While the facility is primarily for accessing unconsented linked data, consented or anonymised data can be accessed in a similar way. The facility has also been used in a situation where a data custodian has a large, anonymised dataset but prefers to retain some level of control and not give it directly to the researcher.
There are some data inconsistencies, such as wrong CHI numbers or incorrect names, which makes fully accurate linking of data challenging. There are ways of checking whether the linkage is correct. Some clinical checking of the raw data is carried out, the extent of which depends on the dataset. Clinical staff will also check the analyses to ensure that the results are as expected.
Technical and data curation arrangements
The staff of DaSH act as facilitators, guiding researchers through the process of identifying the appropriate data to answer their research questions, putting them in touch with the custodians of the datasets they will use and advising on how to obtain the relevant approvals.
DaSH has a Caldicott guardian, an individual that provides oversight of the arrangements for the use and sharing of clinical information, and a privacy advisory committee. Individual researchers need to obtain ethics approvals for their particular projects, but any review will be proportionate and take into account the governance arrangements for DaSH.
Approvals may also be needed from the data custodian, academic institution and NHS R&D. In addition, DaSH has a steering committee that includes a lay member. If there are major changes to how DaSH is used, such as the involvement of industrial partners, the committee is consulted.
Researchers have to fulfil certain requirements in order to be able to access data: they have to be an approved researcher with the appropriate research experience and hold a valid Information Governance Training Certificate, which gives access for a limited length of time. Industrial organisations would need a researcher on their project team. DaSH staff monitor who has accessed the facility and keep audit logs.

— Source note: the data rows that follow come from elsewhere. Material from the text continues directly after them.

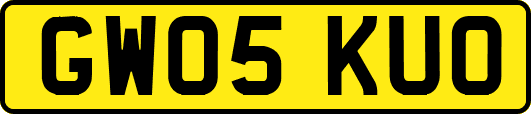 GW05KUO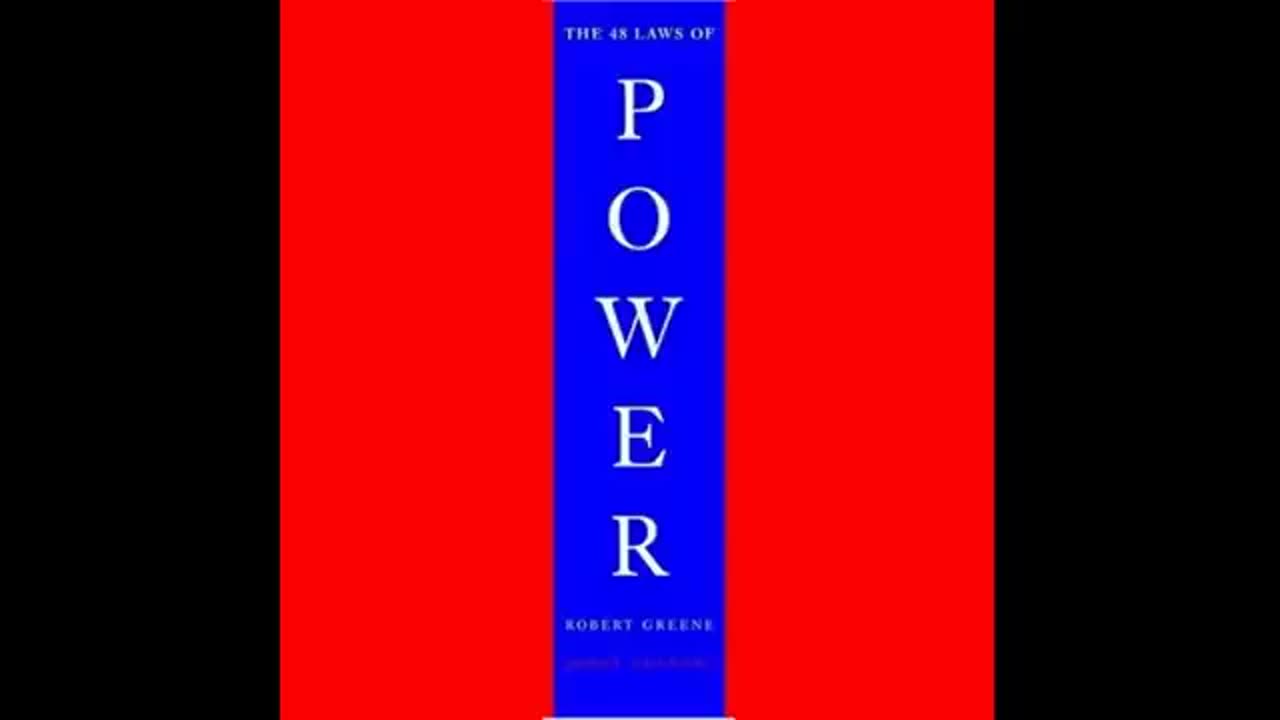 48 Laws of Power by Robert Greene (Full Audiobook)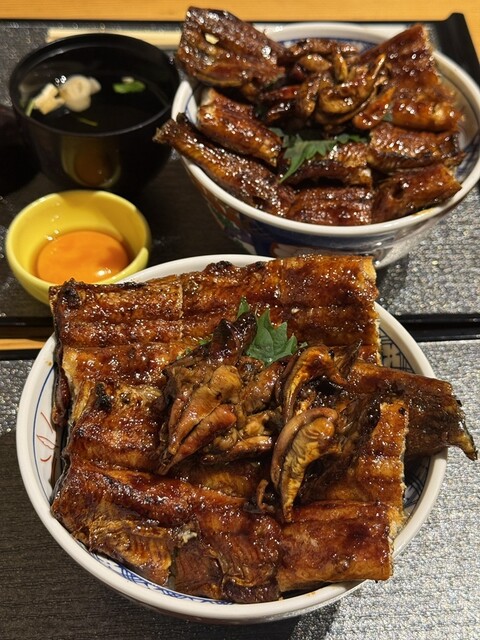 Sumibiyaki Unagi no Unaki Nagoya Honten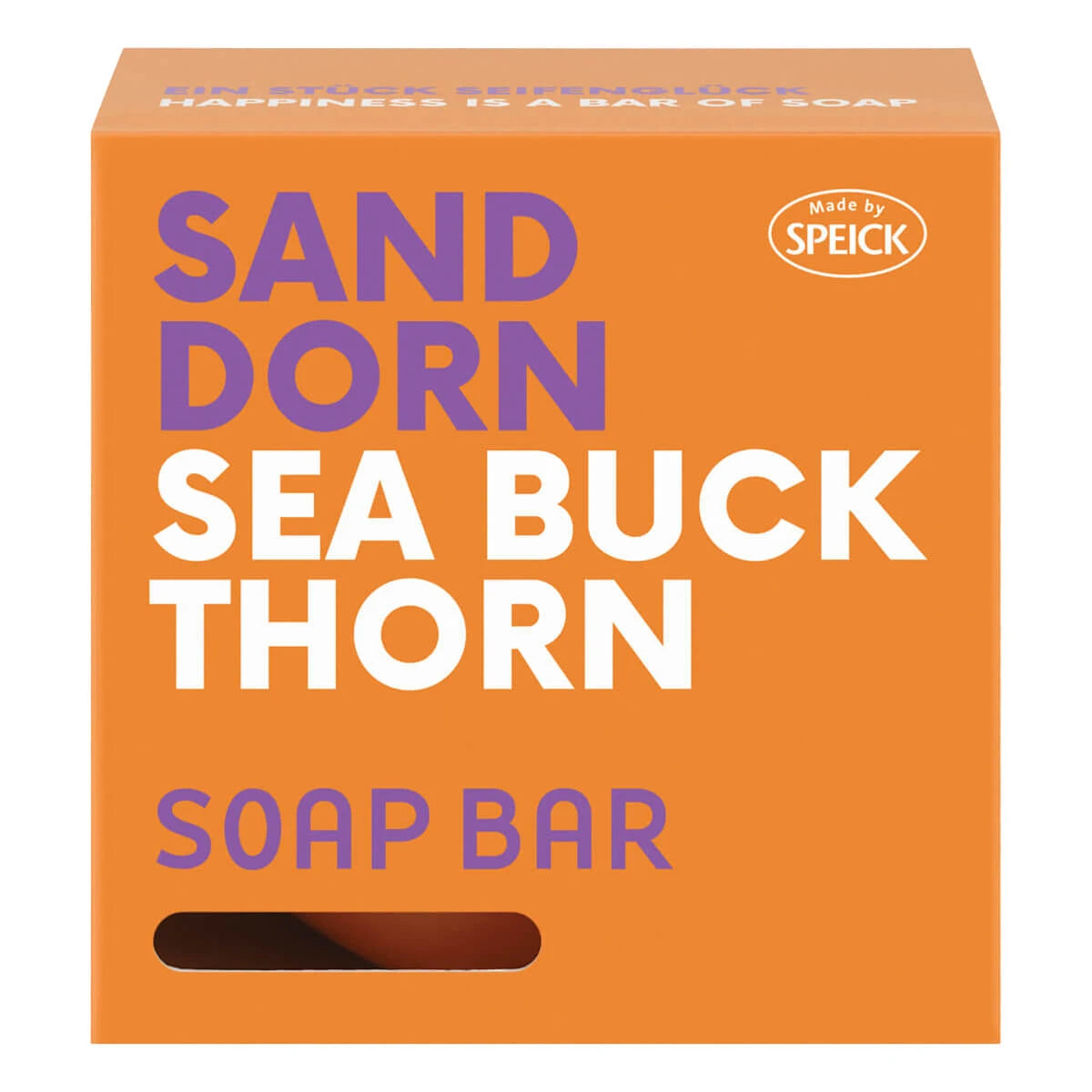 Speick Sæbe  Havtorn  100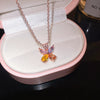 Amber Butterfly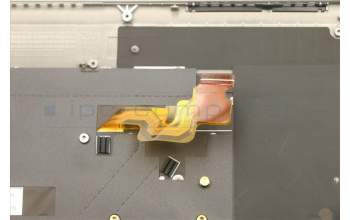 Lenovo 5M11B59863 MECH_ASM KBD Bezel,Ti,WLAN,SLV,CHY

“The safe haven has a Caldicott guardian - an individual that provides oversight of the arrangements for the use and sharing of clinical information - and a privacy advisory committee”
Technical drawing of Grampian Data Safe Haven
Outcomes and lessons learned
- The close relationship between DaSH and the health board, partly a function of the small size of each, has contributed to the success of the facility. It was initially challenging to bring on board researchers to the new system of governance, when they had got used to a less rigorous system. However, the facility has enabled many students and other researchers access to data, and has allowed them geographical flexibility; for example, if a researcher relocates to a different country as part of their research programme, they are still able to access data.
- An expansion of the service is the hosting of a safe haven within a safe haven: it has been possible to bring a physical machine that allows researchers access to Administrative Data Research Network data, which they would otherwise have had to travel to Edinburgh to access.
- With hindsight, it may have been more useful to have a uniform approach to setting up the five safe havens; instead they have all been set up in slightly different ways. It may have also been preferable to aim for ISO27001 information security management accreditation from the start.